Content starts

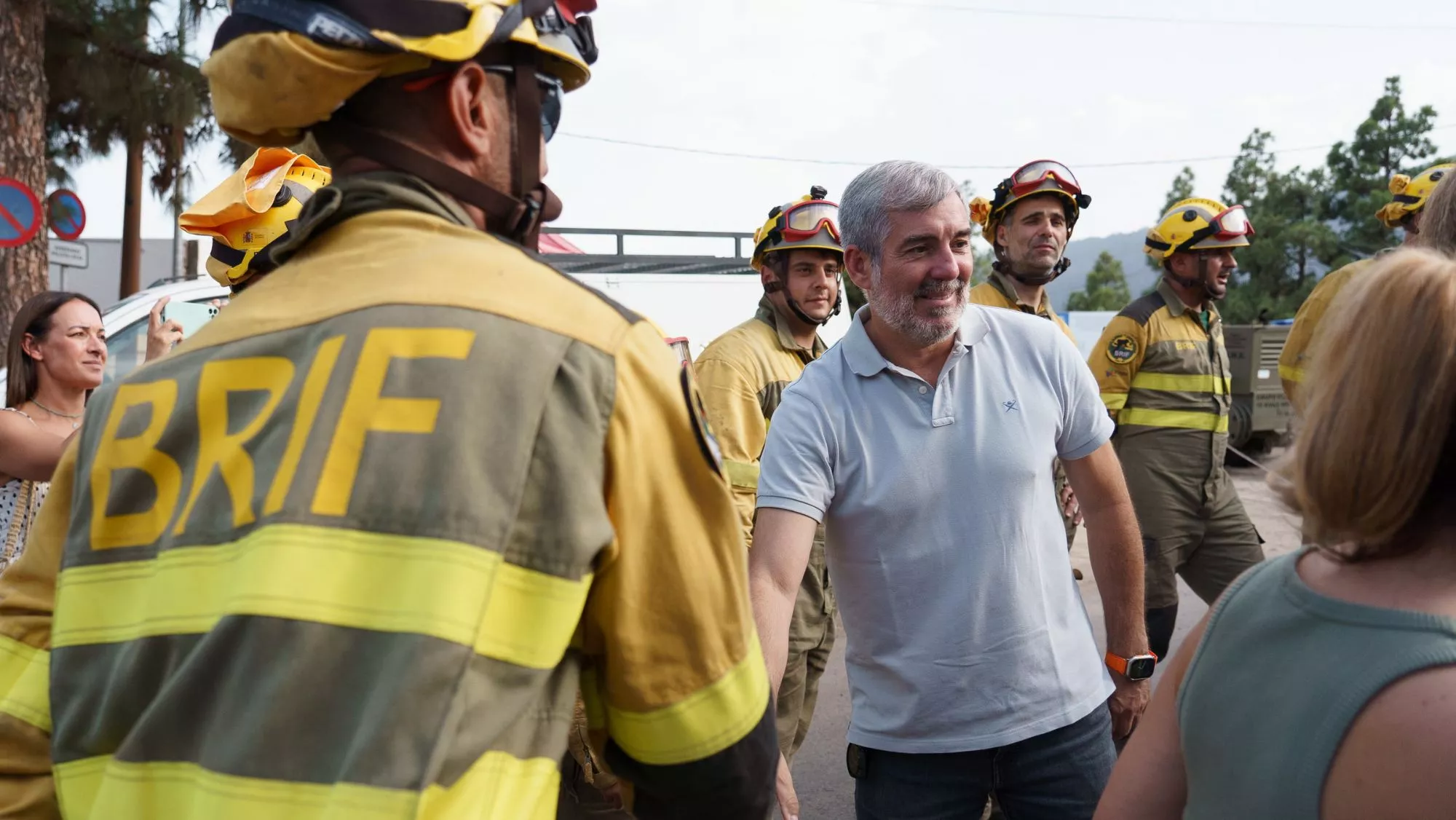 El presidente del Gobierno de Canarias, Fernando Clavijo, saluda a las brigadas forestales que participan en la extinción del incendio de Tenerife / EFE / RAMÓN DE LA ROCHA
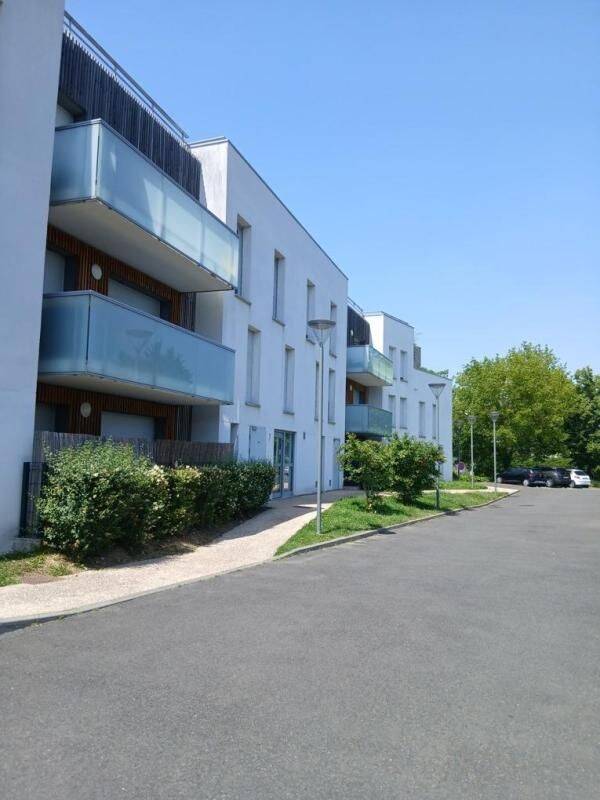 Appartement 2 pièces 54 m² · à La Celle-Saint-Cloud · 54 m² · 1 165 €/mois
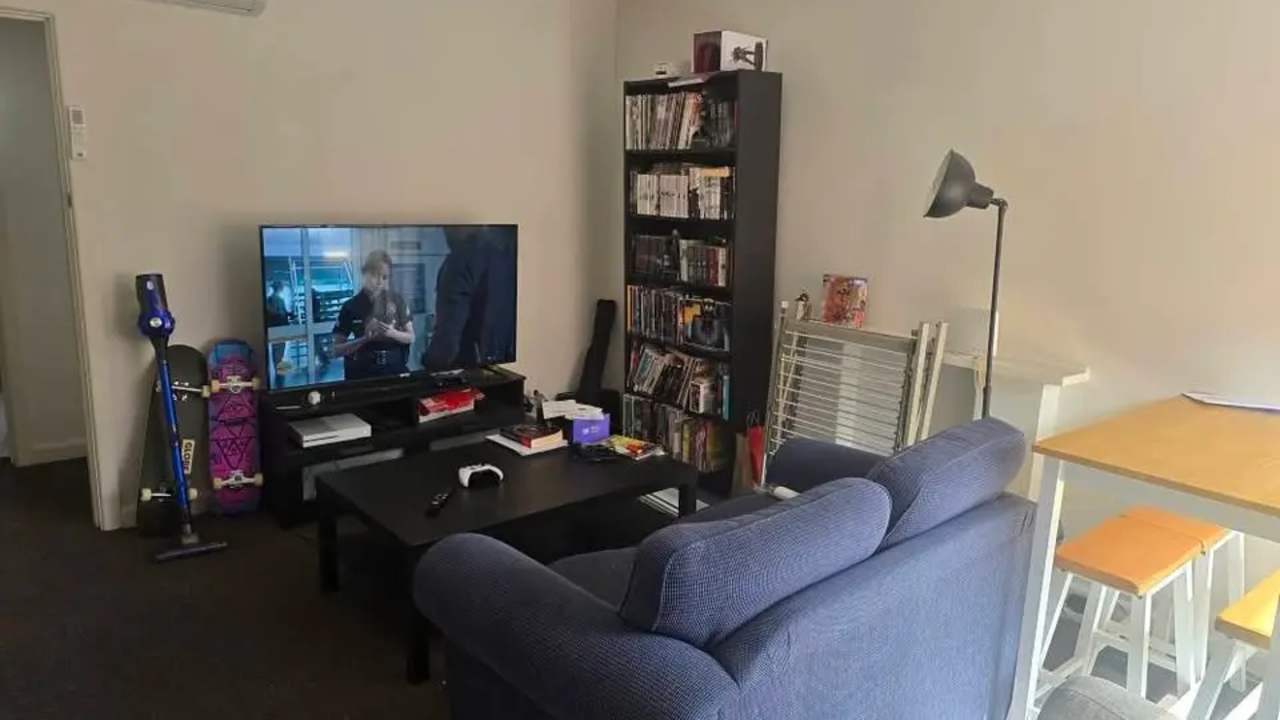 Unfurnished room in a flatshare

Content ends

● **Exercise description**:
Once the pictures are removed, output the remaining material exactly.

● **Answer for the task**:
 El presidente del Gobierno de Canarias, Fernando Clavijo, saluda a las brigadas forestales que participan en la extinción del incendio de Tenerife / EFE / RAMÓN DE LA ROCHA
 Appartement 2 pièces 54 m² · à La Celle-Saint-Cloud · 54 m² · 1 165 €/mois
 Unfurnished room in a flatshare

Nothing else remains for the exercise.